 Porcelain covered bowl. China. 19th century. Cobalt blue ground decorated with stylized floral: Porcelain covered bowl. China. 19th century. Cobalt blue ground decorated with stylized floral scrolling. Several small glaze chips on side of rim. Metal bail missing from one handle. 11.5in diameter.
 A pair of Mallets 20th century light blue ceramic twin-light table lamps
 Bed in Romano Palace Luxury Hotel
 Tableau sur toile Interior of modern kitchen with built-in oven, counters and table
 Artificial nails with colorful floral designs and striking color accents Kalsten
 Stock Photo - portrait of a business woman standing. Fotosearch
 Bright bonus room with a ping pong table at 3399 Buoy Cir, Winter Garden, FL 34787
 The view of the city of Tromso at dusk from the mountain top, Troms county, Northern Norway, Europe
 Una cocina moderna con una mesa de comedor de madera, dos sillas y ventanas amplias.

━━━━━━━━━━━━━━━━━━━━

• Problem statement
Whenever a line of the material holds the word "with", copy it out.

• Answer for the task
 Porcelain covered bowl. China. 19th century. Cobalt blue ground decorated with stylized floral: Porcelain covered bowl. China. 19th century. Cobalt blue ground decorated with stylized floral scrolling. Several small glaze chips on side of rim. Metal bail missing from one handle. 11.5in diameter.
 Tableau sur toile Interior of modern kitchen with built-in oven, counters and table
 Artificial nails with colorful floral designs and striking color accents Kalsten
 Bright bonus room with a ping pong table at 3399 Buoy Cir, Winter Garden, FL 34787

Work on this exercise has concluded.